Più feconda, nell’epoca della
globalizzazione l’idea della “Società dei Liberi e Forti” di Sturzo o quello di
Roosevelt delle “Quattro libertà”. E’ fondata sul lavoro e sullo sviluppo
umano.
La seconda
lezione: le urne confermano che il populismo anti-elitista,
di marca leghista, e il populismo anti-politico e antipartitico, questa volta
astensionista e di marca pentastellata, restano una presenza forte e
durevole nel Paese, almeno fino a quando non saranno rimosse le cause che
lo hanno generato. La prima delle quali è
che la politica “romana” da decenni non è più capace di creare le condizioni
per lo sviluppo del Paese: amministra l’esistente, indebita le generazioni
future, non risolve problemi, non fa riforme, non governa il Paese. E’

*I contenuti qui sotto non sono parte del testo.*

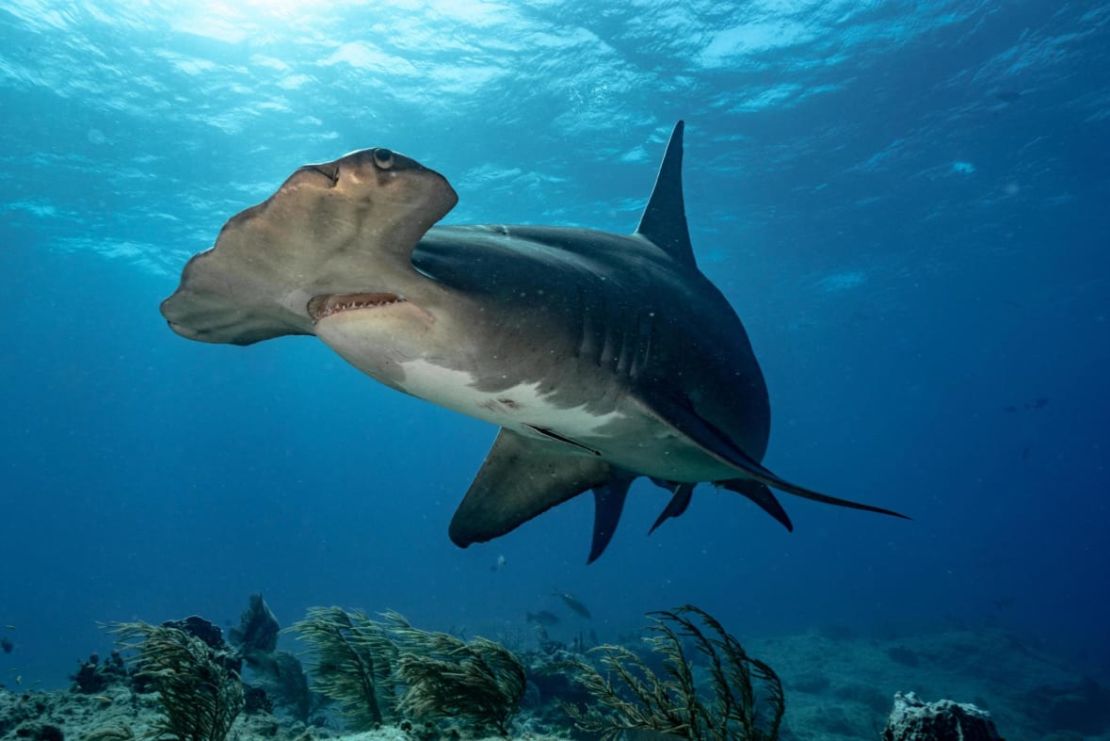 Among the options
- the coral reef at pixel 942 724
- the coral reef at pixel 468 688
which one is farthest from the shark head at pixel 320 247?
the coral reef at pixel 942 724

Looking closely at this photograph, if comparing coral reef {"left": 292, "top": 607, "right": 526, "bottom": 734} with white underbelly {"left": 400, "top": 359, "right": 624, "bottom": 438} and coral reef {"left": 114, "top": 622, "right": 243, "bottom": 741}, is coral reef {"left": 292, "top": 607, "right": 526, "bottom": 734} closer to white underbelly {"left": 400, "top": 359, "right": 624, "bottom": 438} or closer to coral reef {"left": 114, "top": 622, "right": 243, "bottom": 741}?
coral reef {"left": 114, "top": 622, "right": 243, "bottom": 741}

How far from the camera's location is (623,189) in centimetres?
2700

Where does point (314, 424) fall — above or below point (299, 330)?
above

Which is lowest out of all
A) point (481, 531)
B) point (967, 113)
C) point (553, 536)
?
point (481, 531)

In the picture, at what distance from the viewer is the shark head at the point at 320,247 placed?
6.16 feet

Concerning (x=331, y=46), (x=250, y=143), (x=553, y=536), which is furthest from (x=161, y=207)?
(x=553, y=536)

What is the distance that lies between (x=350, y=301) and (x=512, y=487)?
267 centimetres

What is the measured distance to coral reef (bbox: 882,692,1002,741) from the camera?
301 centimetres

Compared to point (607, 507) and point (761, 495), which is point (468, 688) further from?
point (761, 495)

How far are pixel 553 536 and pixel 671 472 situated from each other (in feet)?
417

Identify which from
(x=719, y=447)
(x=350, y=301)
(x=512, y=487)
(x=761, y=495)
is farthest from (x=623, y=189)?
(x=350, y=301)

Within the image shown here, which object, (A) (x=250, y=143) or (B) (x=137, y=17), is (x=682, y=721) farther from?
(A) (x=250, y=143)

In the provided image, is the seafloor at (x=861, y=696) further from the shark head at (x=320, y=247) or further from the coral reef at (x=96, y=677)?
the shark head at (x=320, y=247)

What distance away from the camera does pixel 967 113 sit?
2305 centimetres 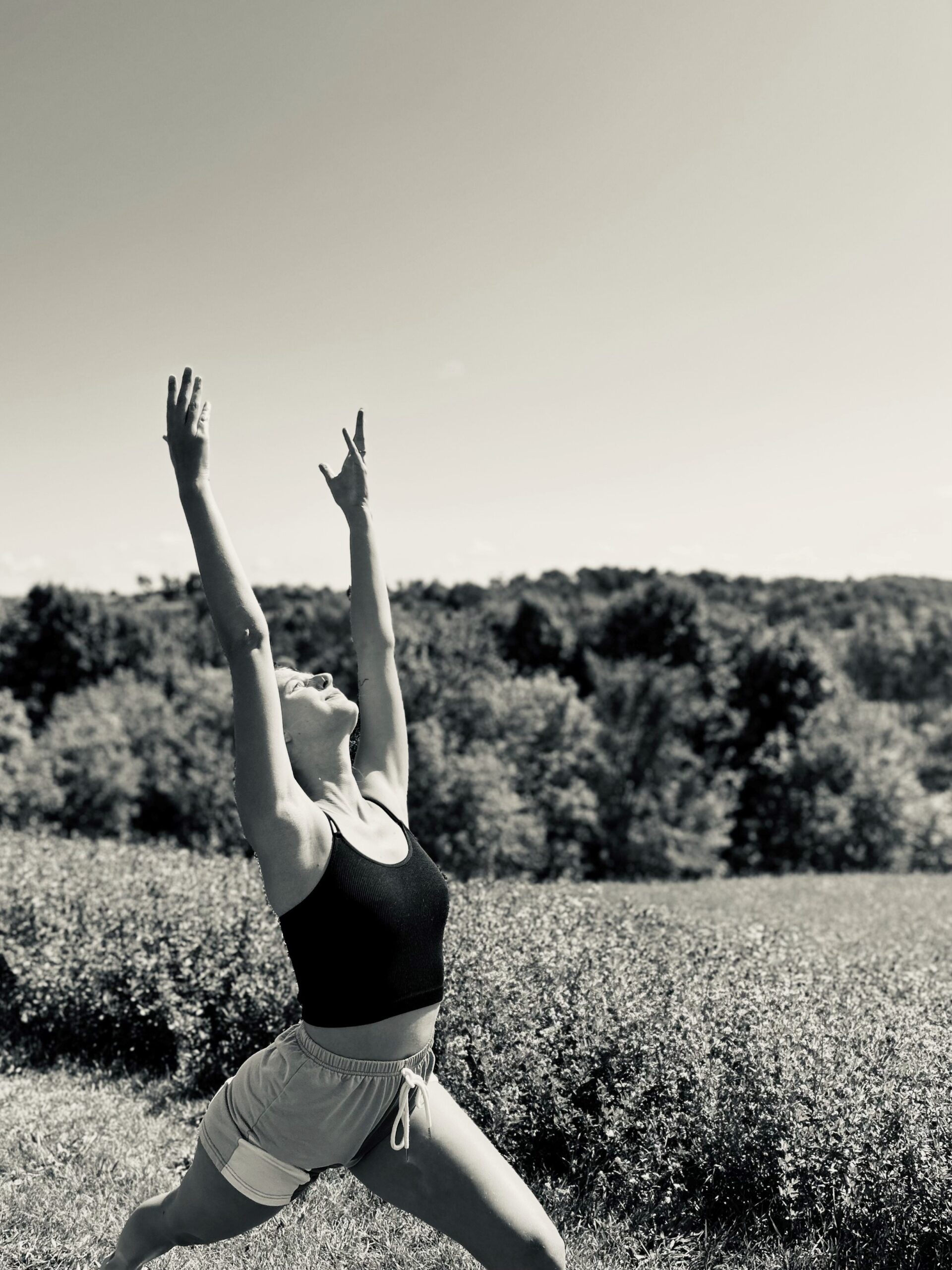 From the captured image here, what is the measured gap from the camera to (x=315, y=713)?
269 cm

impastoiata in un sistema sociale e culturale corporativo – corporazione
(casta?) tra le corporazioni -, in un intrico di mala amministrazione,
sindacalismo corporativo, corruzione e illegalità. La poltiglia programmatica
del governo Conte, un mix di protezione, assistenzialismo e di debito pubblico,
senza politiche del lavoro e dello sviluppo, non porterà lontano né il governo
né il Paese.
Ma la “causa
causarum” è quest’altra: finché i partiti perpetuano il vecchio modello istituzionale, nel quale
essi sono l’Alfa e l’Omega dell’attività politica, blocchi opachi di
autocooptazione oligarchica, non resi trasparenti da nessuna legge; nel quale
le istituzioni sono partitizzate… , i cittadini continueranno a sentire la
politica come attività, estranea, escludente, proprietà privata di un’élite. Se
le istituzioni della democrazia liberale non sono capaci di spianare la strada
alla partecipazione dei cittadini alle decisioni e al governo del Paese, la
crisi della politica è destinata a durare, manifestandosi come “collera degli esclusi” con tendenze di volta in volta al
plebiscitarismo, al linciaggio mediatico del politico di turno, all’assenza silenziosa
dalla scena pubblica ed elettorale. L’annuncio di voler aprire un partito verso
l’esterno, senza aprire la sua scatola nera, continua a restare una fake news. Il ritorno al sistema elettorale
proporzionale, con l’ingovernabilità come fatale corollario, renderà ancora più
cogenti le motivazioni del populismo. Semmai dovesse profilarsi un nuovo
bipolarismo, il sistema proporzionale lo strozzerebbe nella culla.
Così, il Paese continua a camminare sul
suo Sunset Boulevard… Si deve solo incessantemente denunciare, a futura
memoria, che il declino di un Paese non è una fatalità storica, è una scelta
quotidiana dei cittadini e dei loro rappresentanti. Non si danno alibi.